Netflix takes $100 million loss as subscriber base increases
Losses at Netflix’s operations outside the US ballooned to more than $100m (£62m) in the first quarter, as the impact of its launch in the UK & Ireland hurt financially but fuelled growth of 1.2 million subscribers.
Netflix reported a global loss of $5m as its US operation, which accounts for 88% of of its 26m subscribers and 95% of revenues, balances the financial damage of its international expansion programme.
The online media provider, which made $60m in profit in the first quarter of 2011, was pushed into a global loss in the first three months thanks to its launch in the UK & Ireland on 9 January.
This pushed losses at its non-US operations from $60m in the fourth quarter of 2011 to $103m in the three months to the end of March.
However, subscriber numbers to its international services, which are available in more than 40 markets outside Netflix’s home market of the US, grew 65% from the previous quarter to 3.07 million by the end of March. Of these, 2.41 million were paid subscribers; the remainder of users are on free trial deals.
Revenues at the international operation grew by 48% to $43m.
Given that between the third and fourth quarters of 2011 international subscriber numbers grew 25% and revenues grew by 26% – versus respective growth rates of 65% and 48% between the fourth quarter of 2011 and the most recent quarter to the end of March – Netflix said that the UK & Ireland operation was the largest driver of growth in international members.
Netflix does not provide a breakdown for the performance of individual markets.
“We launched our service in the UK and Ireland in January and are very pleased that, after the first 90 days, we had substantially more members than we had after the first 90 days of Canada or Latin America,” said Hastings. “From the start, we achieved the highest net additions we’ve ever seen in the first 90 days of an international market launch.”

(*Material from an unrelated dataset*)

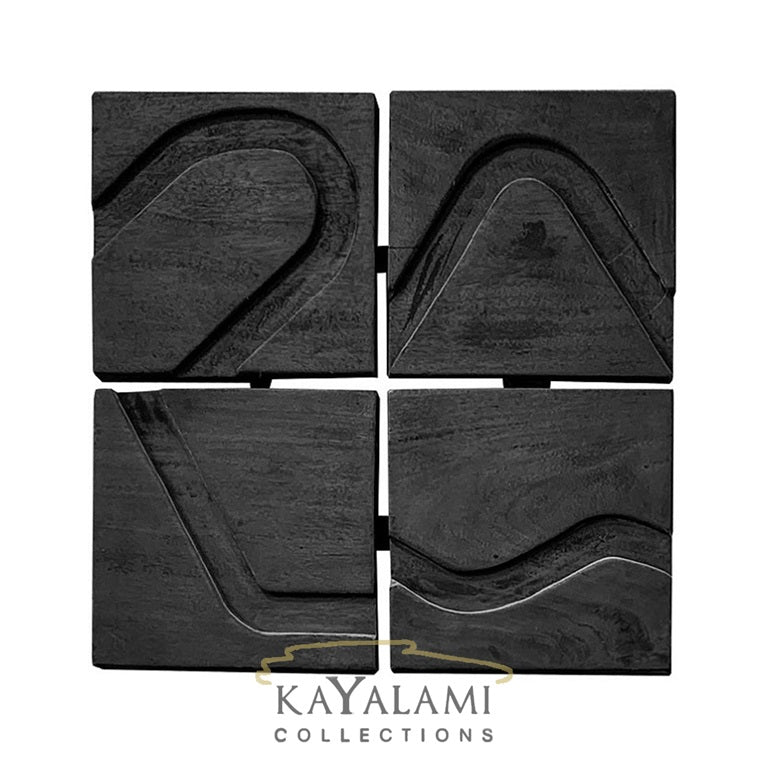 LAUCALA BBE WALL ART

Netflix is forecasting a loss of between $86m and $98m from its international operations in the second quarter. Canada will deliver a “small profit”.

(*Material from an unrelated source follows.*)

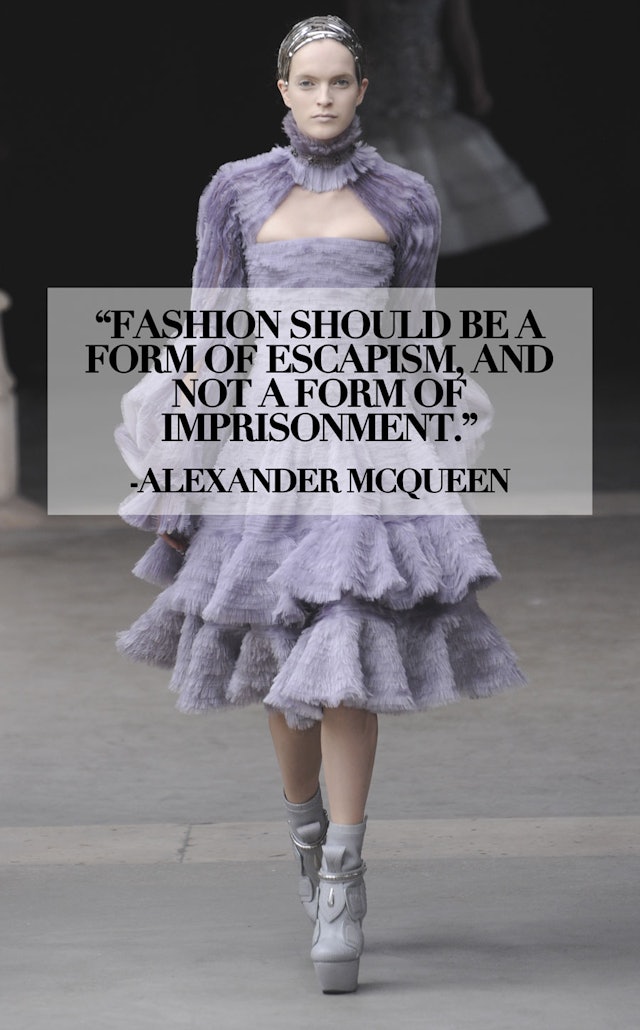 Fashion Designers Feel About Instagram Fashion Designers Feel About Instagram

“We expect Latin America and the UK and Ireland to take longer than eight quarters to reach sustained profits [about the time it took Canada] as we build membership and invest in content improvements,” said Hastings.

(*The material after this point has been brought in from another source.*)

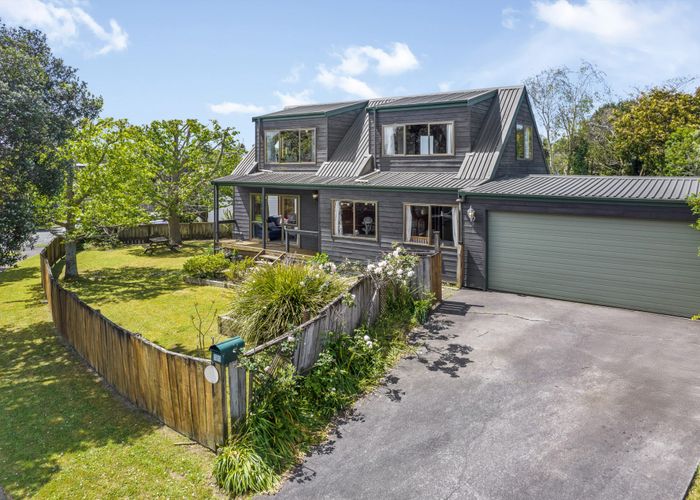  at 22 St Annes Crescent, Wattle Downs, Auckland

Netflix warned investors in October that the launch in the UK & Ireland would push the company into a global loss in the first quarter, and that it would “pause” further expansion until it returned to profitability.
On Monday Netflix confirmed that it would return to global profitability in the second quarter and that it would launch into an “attractive” new European market in the fourth quarter this year.
Spain is tipped as Netflix’s next market launch, joining Latin America, Canada and the UK & Ireland.
Netflix added 1.74 million subscribers to its core US business in the first quarter, taking total US subscriber numbers to 23.41 million. But the shares plummeted almost 17% in after-hours trading as markets were underwhelmed by projections on growth.
Netflix’s guidance for its second quarter is for about 600,000 new streaming customers. Analysts were looking for more than 1 million.
“We see nothing new or particularly concerning this quarter to date in our member viewing, acquisition and retention,” said Hastings. “All are healthy”.
Global revenue for the three months to 31 March was $870m, compared to $876m in the previous quarter and $719m in the first quarter of 2011. The company made a profit of $60m in the first quarter of 2011.
Netflix said that it expects to add about 7 million subscribers to its US operations in 2012.
Hastings said that if the Competition Commission breaks Sky Movies’ stranglehold on Hollywood films on pay TV and on-demand TV, then Netflix may look to accelerate its plan to bid for one of the crown jewel content contracts from one of the big six US film studios. BSkyB currently holds all the deals on an exclusive basis.
“That then may provide an opportunity for Netflix to bid earlier for major studio deals than otherwise would have been the case,” said Hastings. “It is premature to know how it will play out.”